Uma estátua religiosa na cidade de Davidson, na Carolina do Norte (EUA), é diferente de tudo que você possa ver em uma igreja. A escultura retrata Jesus Cristo como um morador de rua dormindo em um banco de praça. A Igreja Episcopal de St. Alban instalou a obra em sua propriedade no meio de um bairro nobre repleto de sobrados bem conservados.

Jesus está encolhido debaixo de um cobertor com o rosto e as mãos escondidos. Apenas as feridas da crucificação nos pés descobertos denunciam a sua identidade. A reação foi imediata. Alguns adoraram a intervenção, outros ficaram apavorados.

“Uma mulher da vizinhança chamou a polícia quando o viu, pensando ser um morador de rua real”, assinala David Boraks, editor do site DavidsonNews.net. “Isso mesmo: alguém chamou a polícia para prender Jesus!”, exclama o jornalista. Um outro vizinho, que vive a duas casas da igreja, escreveu para a redação pedindo que levassem o indigente para longe do bairro.

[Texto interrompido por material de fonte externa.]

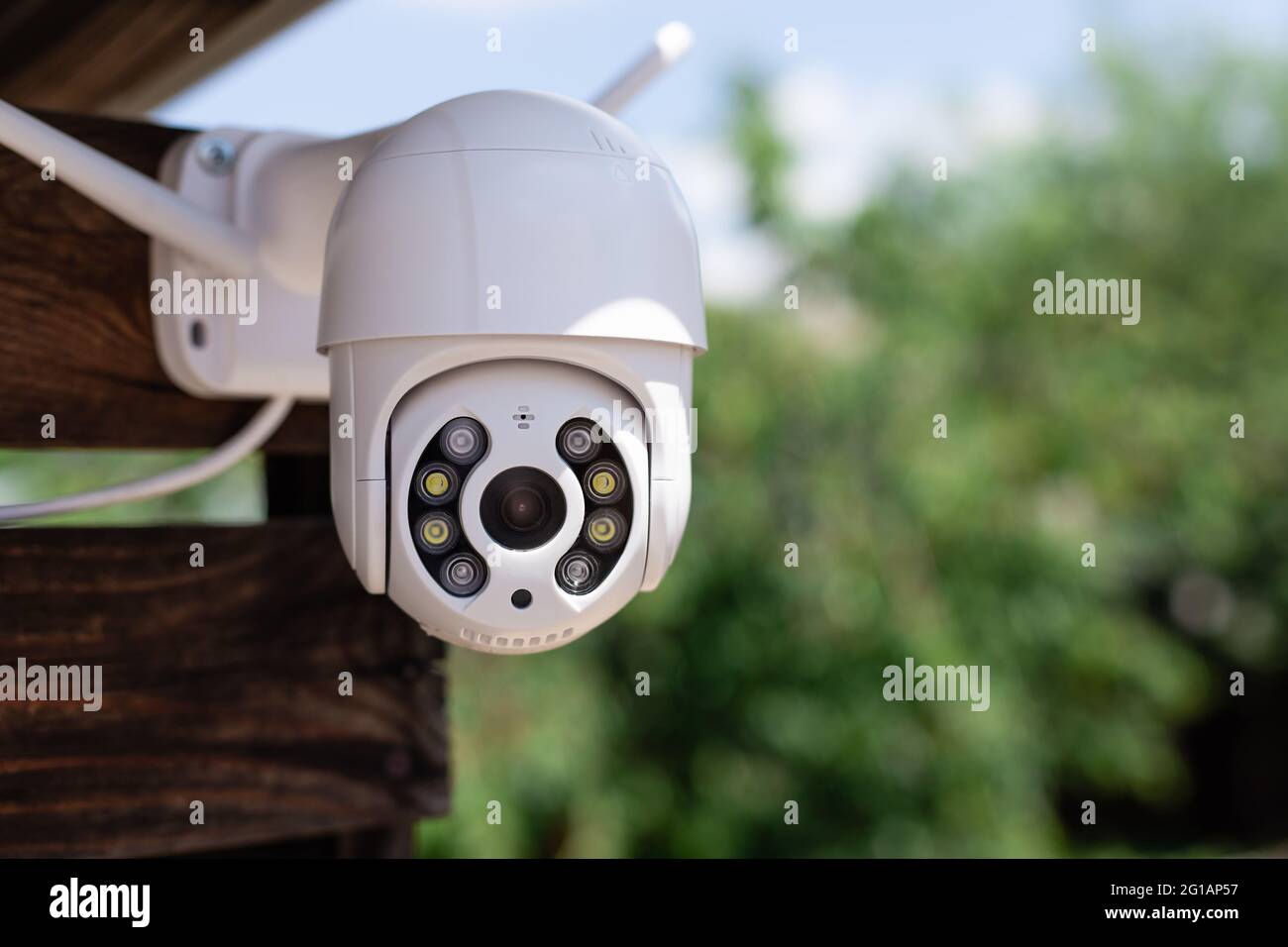modern CCTV wifi surveillance camera in backyard Stock Photo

A estátua de bronze foi comprada por cerca de 50 mil reais por uma paroquiana, Kate McIntyre, que aprecia a arte em locais públicos. Mesmo assim, alguns vizinhos sentiram que era uma representação insultosa do líder religioso, por parecer mais com um vagabundo enrolado em um cobertor do que com um ícone.

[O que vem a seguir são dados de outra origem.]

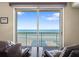 Living room with ocean view and comfortable seating at 2901 S Atlantic Ave # 702, Daytona Beach, FL 32118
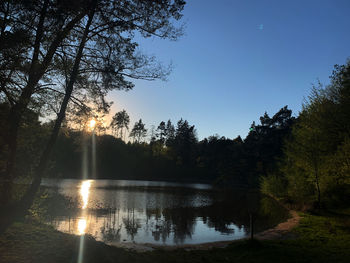 Scenic view of lake against sky at sunset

O reverendo David Buck, de 65 anos, se mostra um pouco avesso à polêmica. ”Isso dá autenticidade à nossa igreja”, assinala. “Esta é uma instituição relativamente influente e precisamos lembrar que a nossa fé se expressa na preocupação ativa com os marginalizados da sociedade”, reitera.

A escultura é concebida como uma tradução visual da passagem no Livro de Mateus, em que Jesus diz aos seus discípulos: “como você fez isso a um de meus irmãos, você fez isso para mim”. “Além disso, é uma boa lição da Bíblia para aqueles acostumados a verem Jesus representado na arte religiosa tradicional como o Cristo de glória, entronizado em elegância”, lembra o reverendo. ”Acreditamos que esse é o tipo de vida que Jesus tinha. Ele era, em essência, um morador de rua”, completa.

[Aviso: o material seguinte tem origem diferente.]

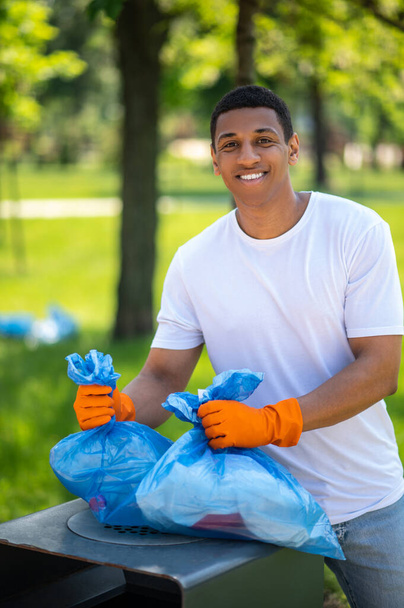 Lucky day. Dark-skinned guy in protective gloves smiling at camera holding waste bags over trash can in green park - 写真・画像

Apesar das críticas, o reverendo informa que a estátua ganhou mais admiradores do que detratores. “É comum ver as pessoas sentarem no banco e rezarem, com as mãos sobre os pés de Cristo”, aponta.

Esta cidade é a primeira a ter em exibição a obra “Jesus Homeless”. Católicos de Chicagoplanejam instalar também sua estátua, assim como a Arquidiocese de Washington, na capital federal do país. Timothy Schmalz, criador da obra, é um canadense que também é um católico muito devoto. De seu estúdio, em Ontário, Schmalz admite que entende que seu Jesus é provocativo. ”Isso é essencialmente o que a escultura tem de fazer, desafiar as pessoas”, reforça.

Ele aponta que ofereceu os primeiros moldes para a Catedral de St. Michael, em Toronto, e para a Catedral de St. Patrick, em Nova York. Ambas não tiveram interesse. Um porta-voz da igreja canadense indica que a apreciação da estátua “não foi unânime”. Além disso, a igreja estava sendo restaurada e uma nova obra de arte estava fora de questão. Já o porta-voz da igreja deNova York diz que gostou do Jesus sem-teto, mas a sua catedral também estava sendo reformada e eles não puderam arcar com a despesa.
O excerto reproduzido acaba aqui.